Saturday, June 2, 2012

Rolling Thunder Passes the Archives

It was scorching hot and noisy in front of the Archives building on the day before Memorial Day as hundreds of glossy motorcycles gladiated by us as we tried to cross Independence Avenue. It was "Rolling Thunder" riders blaring music and yelling some things at the crowd and stressed out policemen shouting at us not to cross the road. We gawped at these mostly large machines ridden by the mostly overweight out-of-towners who come to DC each year for their own special parade. We kind of wondered what exactly was going on and what it was all about. So I looked them up -- again thank God for the internet -- and discovered it is an event that started in 1988 as a call for the government to recognize prisoners of war (POWs) and people missing in action (MIAs), sort of a tribute thing but seems to have morphed into something else. It seems now to more honor veterans and fallen soldiers, a more generic tribute to military men. The first one had but 2,500 participants but now it has hundreds of thousands of participants. Well, I saw a few thousand of them that weekend and a whole bunch of them in front of the Archives building. I'm trying to connect Rolling Thunder's causes and issues with the Archives building which holds the Declaration of Independence so I read it to see how it might pertain. Hmm. Seems that the governed are exercising some life, liberty and pursuit of happiness in their own way.

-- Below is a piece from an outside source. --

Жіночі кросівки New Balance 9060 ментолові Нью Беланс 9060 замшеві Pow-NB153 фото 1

 " ... We hold these truths to be self-evident, that all men are created equal, that they are endowed by their Creator with certain unalienable Rights, that among these are Life, Liberty and the pursuit of Happiness. --That to secure these rights, Governments are instituted among Men, deriving their just powers from the consent of the governed..."

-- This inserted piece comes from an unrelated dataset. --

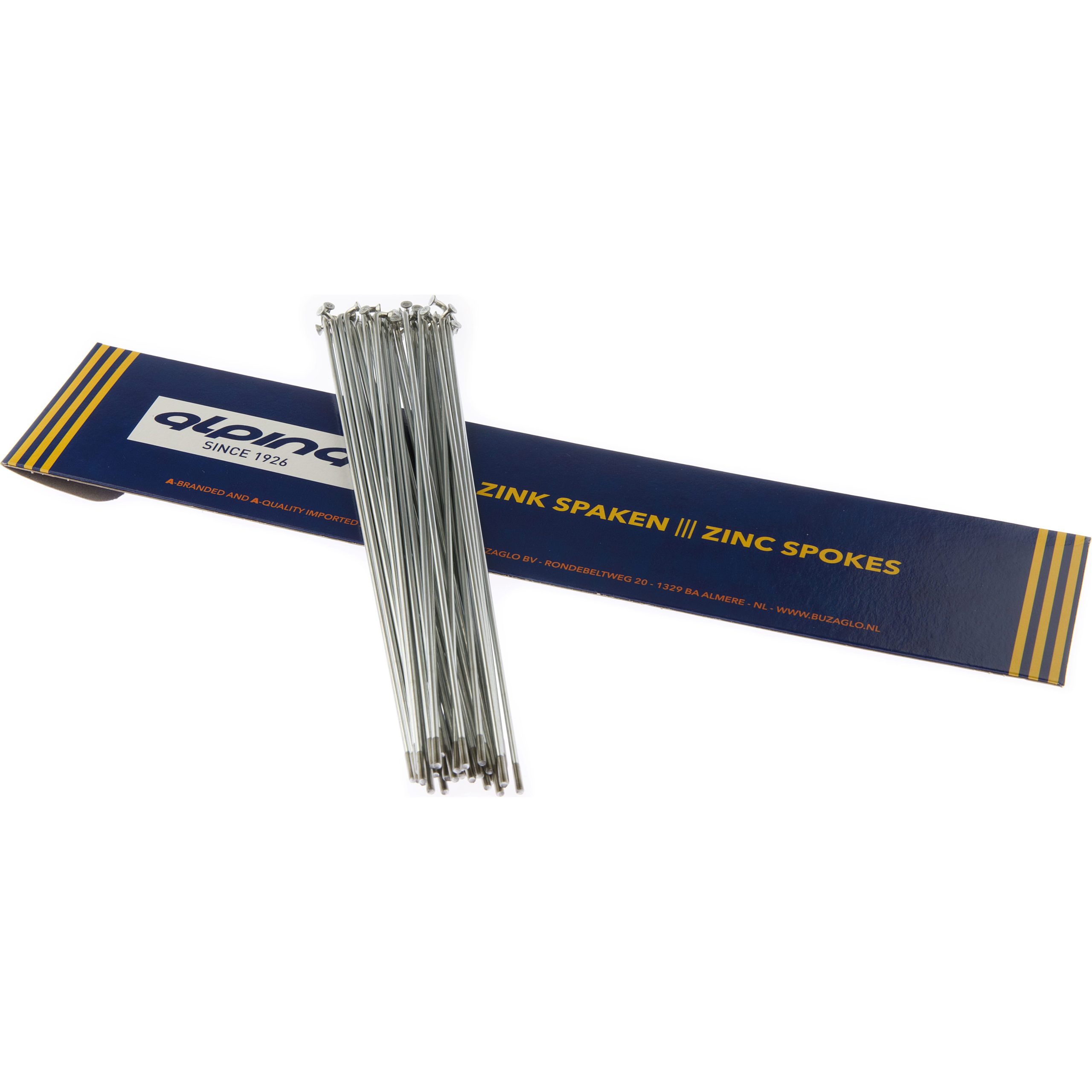 Alp spaak 13-230mm zink zilver (36 stuks)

Meade in front of Prettyman

Stumbling along near the Mall recently, I noticed this sculpture of General  George Meade in front of the District of Columbia district court house, the Prettyman buildingSuch sculptures and their locations often give me an excuse to delve into history and local development, an exercise that the Internet has made very easy and that allows me to tank up my personal knowledge database.  Apparently, Meade was an American Civil War Union general who commanded the Army of the Potomac and defeated Confederate General Robert Lee at the decisive Battle of Gettysburg in 1863, the largest land war in the western world. I was less aware of who E. Barrett Prettyman was but it turns out he was a longtime Chief Judge of the U.S. District Court of Appeals for the District of Columbia Circuit, which meets in that building. Prettyman was also a tax expert teaching at Georgetown University and acted as the District of Columbia's tax attorney at one time.  This Prettyman building is the site of many historic legal arguments in cases such as involving the Pentagon Papers, the Watergate trials, the Francis Gary Powers U-2 spy plane and thousands more cases heard in the US District court. In fact, you can see news media camped out on the forecourt of the building -- "on the beach" -- their vans bristling with antennas and made-up news announcers staring into cameras during these major proceedings. Who knew that such a plain looking building and figurative sculpture would give me such keys into American history? Amazing!